Design and setting: Prospective, nationwide multicentre registry: the Acute Coronary Syndrome Prospective Audit (ACACIA).

Patients: Patients presenting to 24 metropolitan and 15 non-metropolitan hospitals with acute coronary syndrome (ACS) and a final discharge diagnosis of acute MI between November 2005 and July 2007.

Main outcome measure: All-cause mortality at 12 months.

Results: Nearly a quarter of 1744 patients with a final diagnosis of acute MI had a history of diabetes on presentation. Patients with diabetes were older, with a greater prevalence of comorbidities than non-diabetic patients, and were less likely to be treated at discharge with evidence-based medications (aspirin, clopidogrel, a statin and/or a β-blocker) or to receive early invasive procedures. After adjusting for baseline characteristics and therapeutic interventions, diabetes at presentation was independently associated with a higher mortality at 12 months after MI (hazard ratio, 1.79; 95% CI, 1.18–2.72; P = 0.007). Early invasive management and discharge prescription of guideline-recommended medications were associated with a significantly reduced hazard of mortality at 12 months.

Conclusion: Patients with diabetes have a higher risk than non-diabetic patients of late mortality following an acute MI, yet receive fewer guideline-recommended medications and early invasive procedures. Increased application of proven pharmacotherapies and an early invasive management strategy in patients with diabetes presenting with ACS might improve their outcomes.

Study protocol number (sanofi-aventis): PML-0051.
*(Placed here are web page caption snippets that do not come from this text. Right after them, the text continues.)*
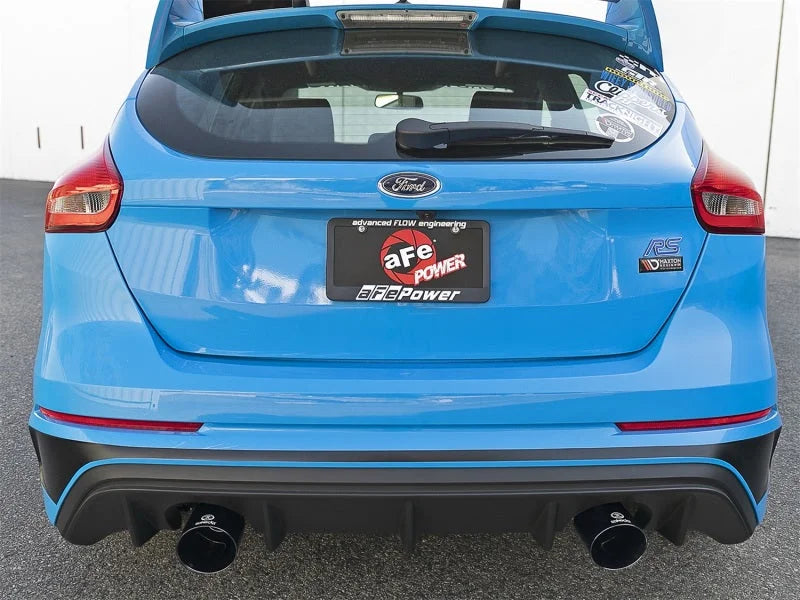 aFe Takeda 3in 304 SS Axle-Back Exhaust System w/ Black Tip 16-18 Ford Focus RS 2.3L (t) - Side View
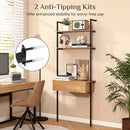 4-Tier Ladder Bookshelf with Drawer and Metal Frame by LJGDeals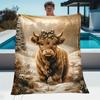 Highland Cow Winter Scene Flannel Blanket | Soft Warm All-Season Farmhouse Decor & Multi-Occasion Gift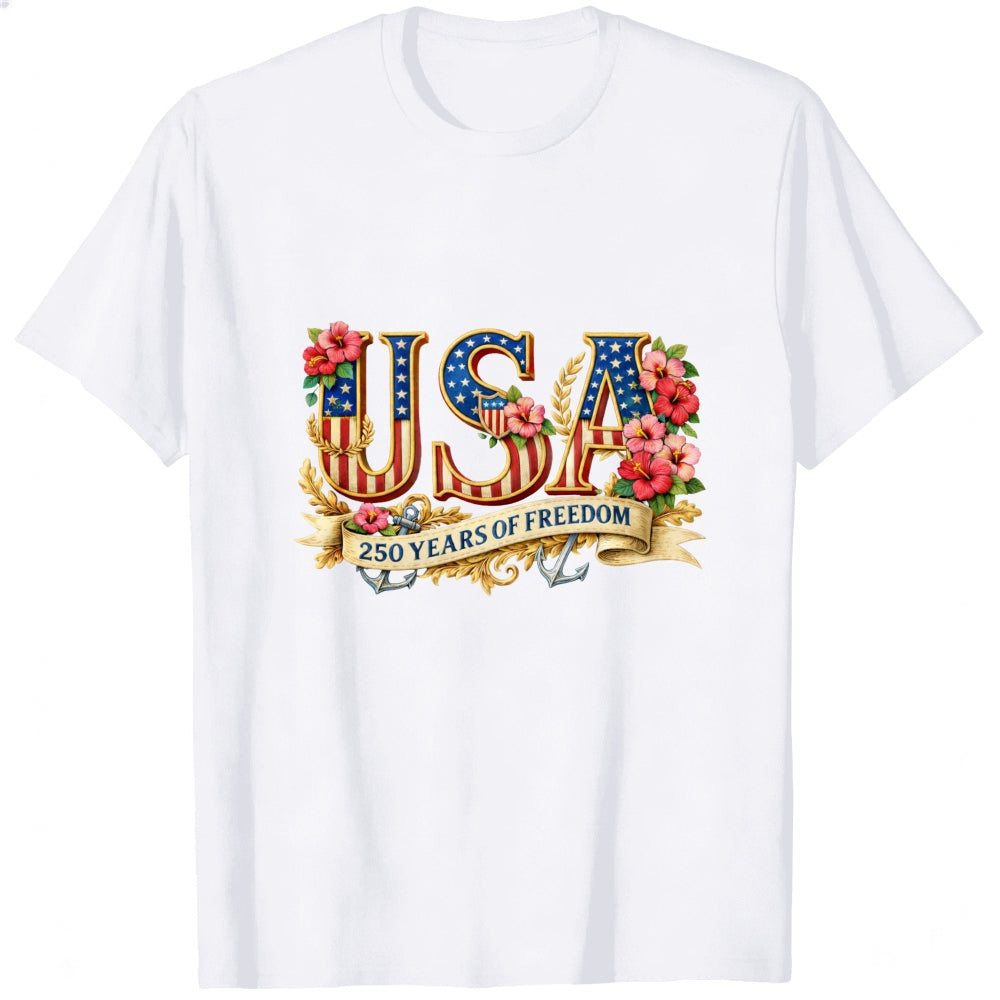 Patriotic Floral Usa 250 Years Of Freedom Classic T-Shirt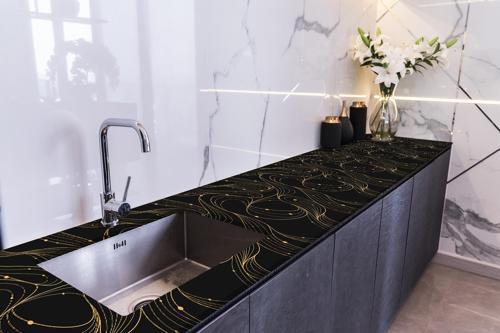 Tezgah Üstü Fayans Kaplama Folyosu Mutfak Tezgahı Kaplama Siyah Çizgiler 70 cm x 4 Metre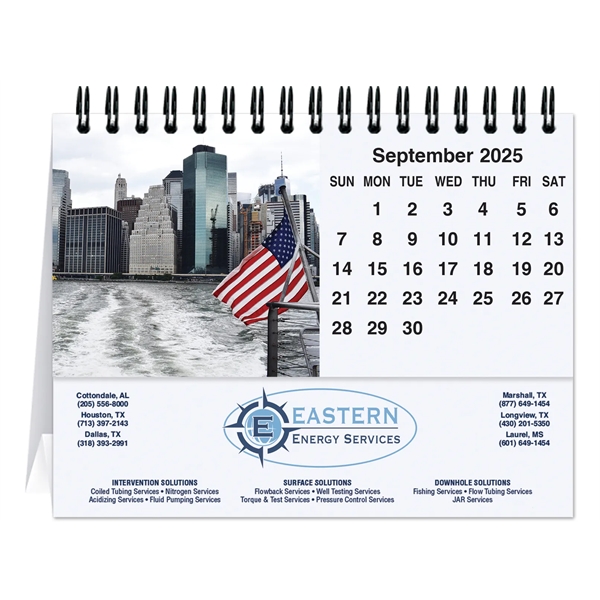 12 month tent desk calendar featuring photos of the American flag.... from ASI 50873 Drum-Line / Drum-line Inc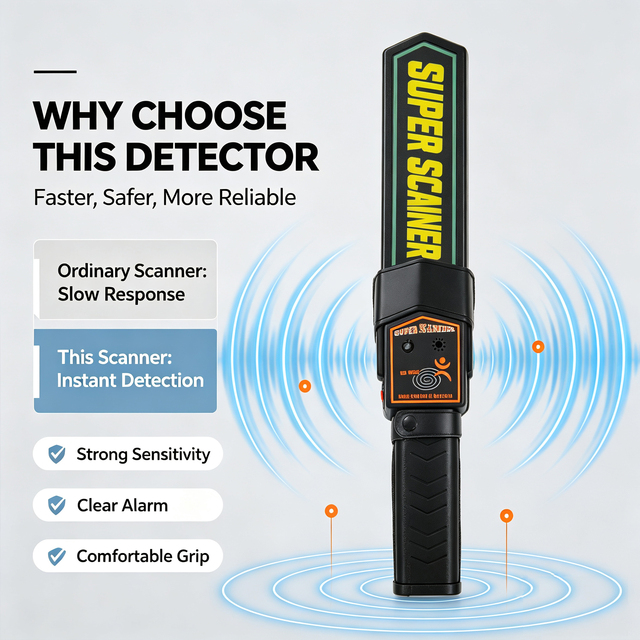 MD-3003B1 Airport School Security Hand Held Portable Metal Detector Wand Hand Metal Scanner for Exams Venue Security Check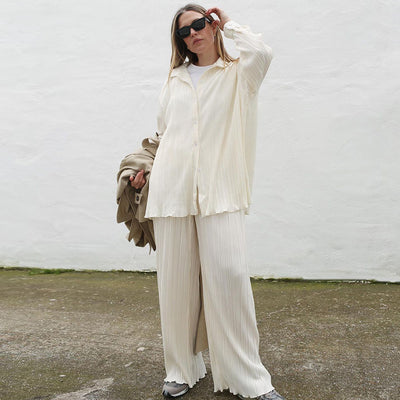 Conjunto Ejecutivo Plisado: Camisa Manga Larga y Pantalón Casual - Image 16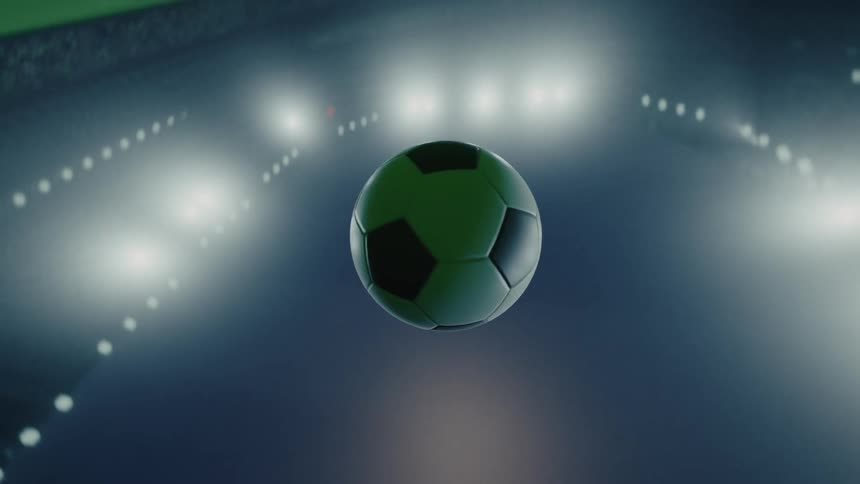 An animation of a soccer ball flying through the air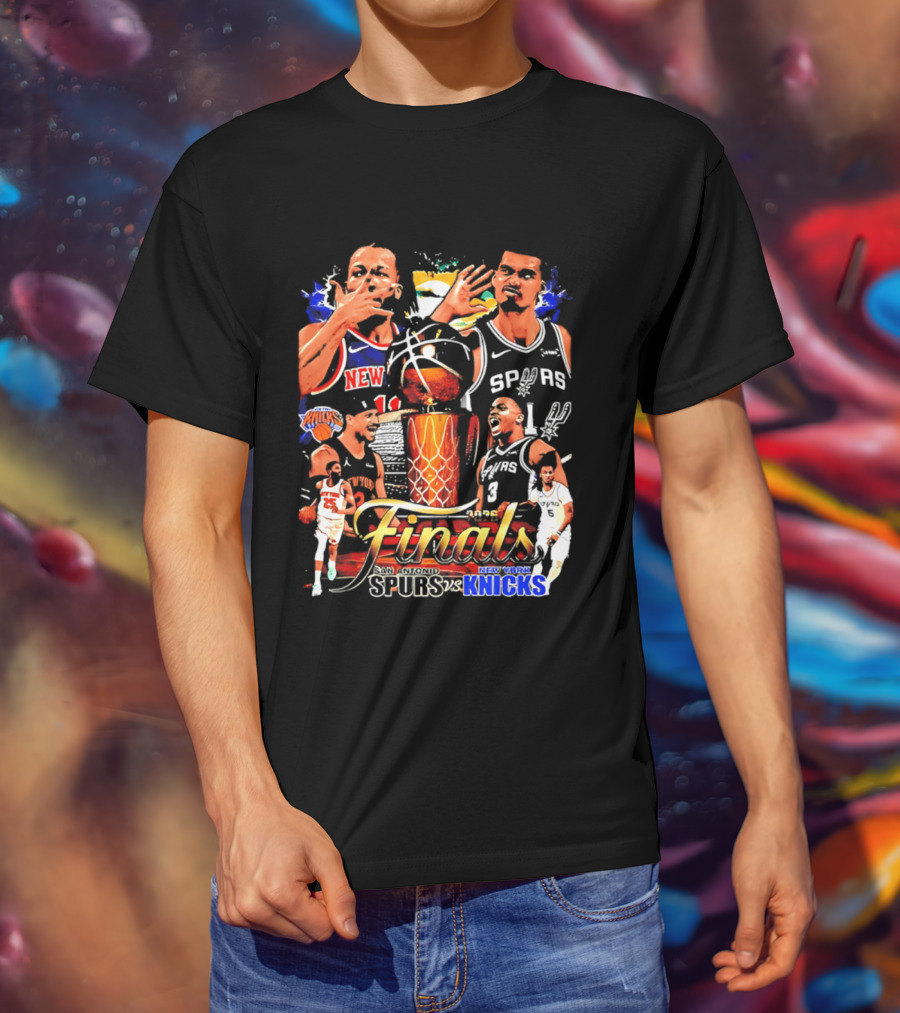 NY Knicks Finals Jalen Brunson Spurs Victor Wembanyama Basketball Matchup T-Shirt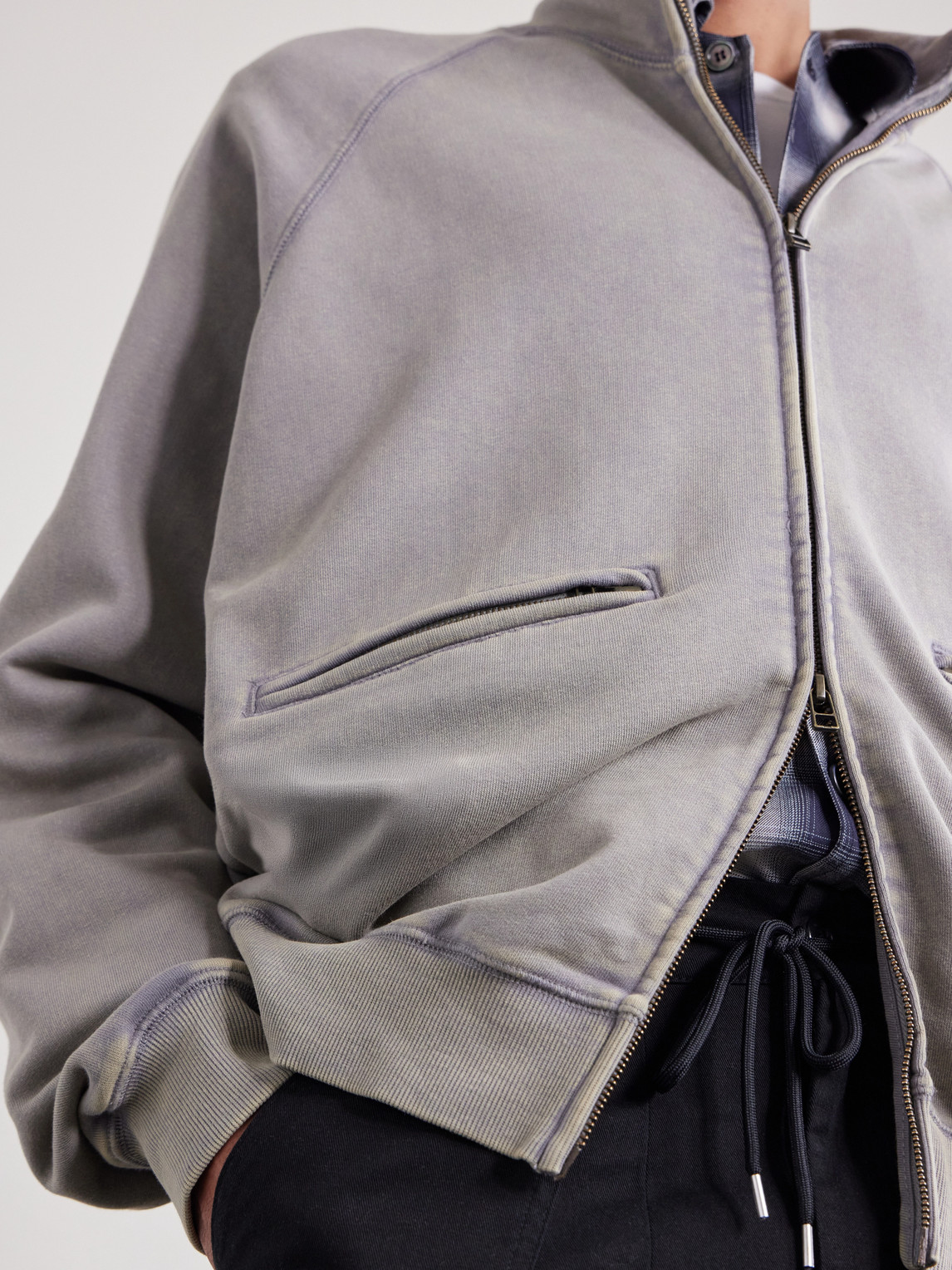 Cotton-Blend Jersey Zip-Up Sweatshirt
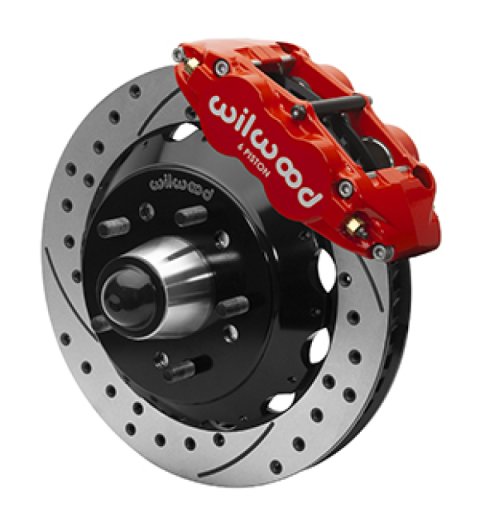 Wilwood Superlite 6R Front Brake Kit for 63-87 Chevy C10 Prospindle13.06 in Diameter, Red Calipers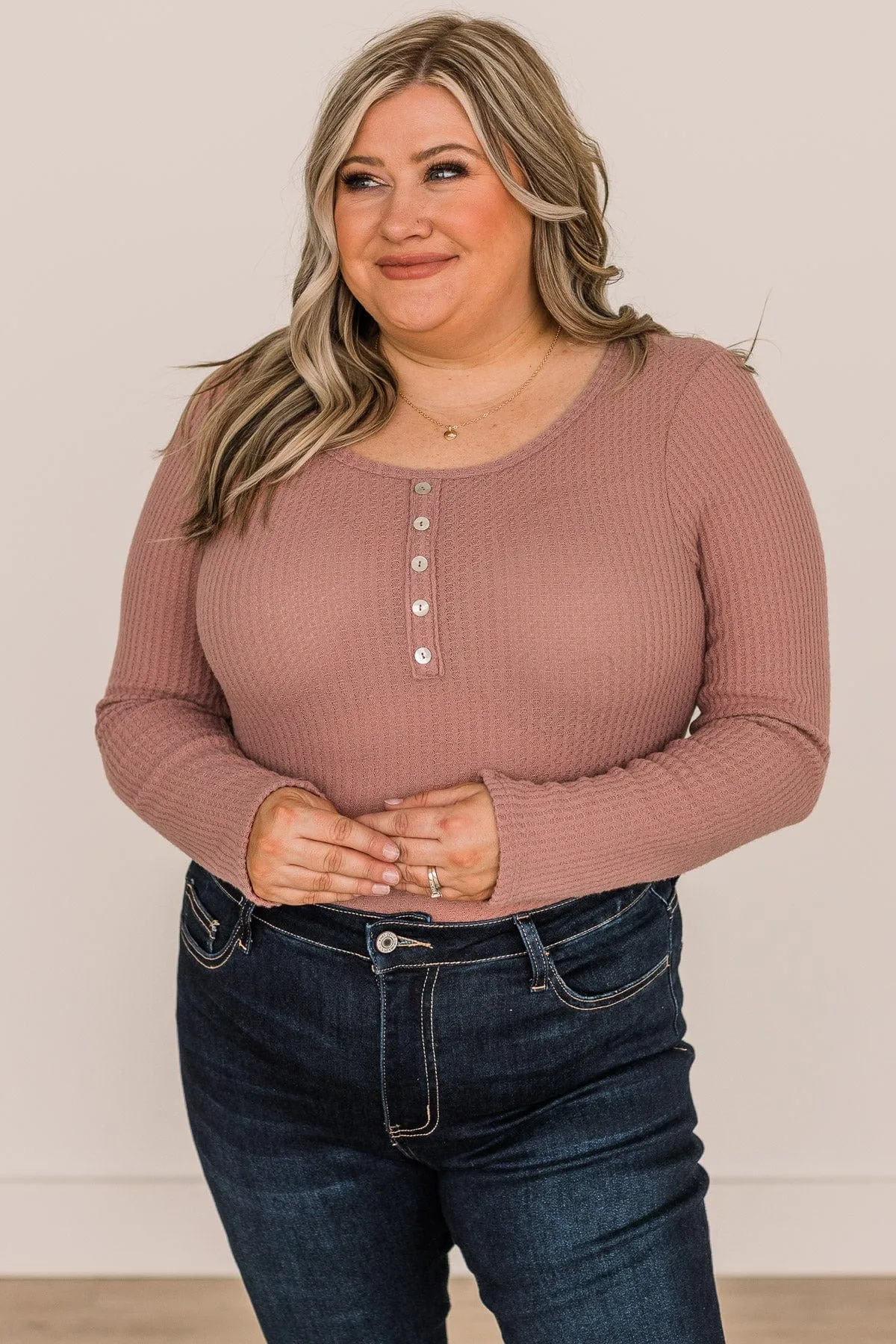 Enjoy The Day Long Sleeve Bodysuit- Dusty Mauve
Patients with diabetes have higher short-term and long-term mortality and morbidity rates after acute myocardial infarction (MI) than non-diabetic patients.1-7 Proven risk-modifying treatments have shown equivalent or larger relative risk reductions in diabetic compared with non-diabetic patients with acute coronary syndrome (ACS).8-10 The absolute benefit of these treatments among diabetic patients with ACS is potentially greater owing to their higher baseline risk. This underscores the importance of physician adherence to evidence-based guidelines in the treatment of patients with diabetes who present with ACS. However, data from several international registries suggest that disparities in mortality rates and treatments have persisted among diabetic compared with non-diabetic patients following acute MI, despite broad acceptance of ACS treatment guidelines.3-7

We used data from a prospective national registry of patients with ACS to compare the use of evidence-based pharmacological and invasive treatments and 12-month mortality rates between patients with and without diabetes who present with acute MI. We also explored the relationship between these treatments and 12-month clinical outcomes.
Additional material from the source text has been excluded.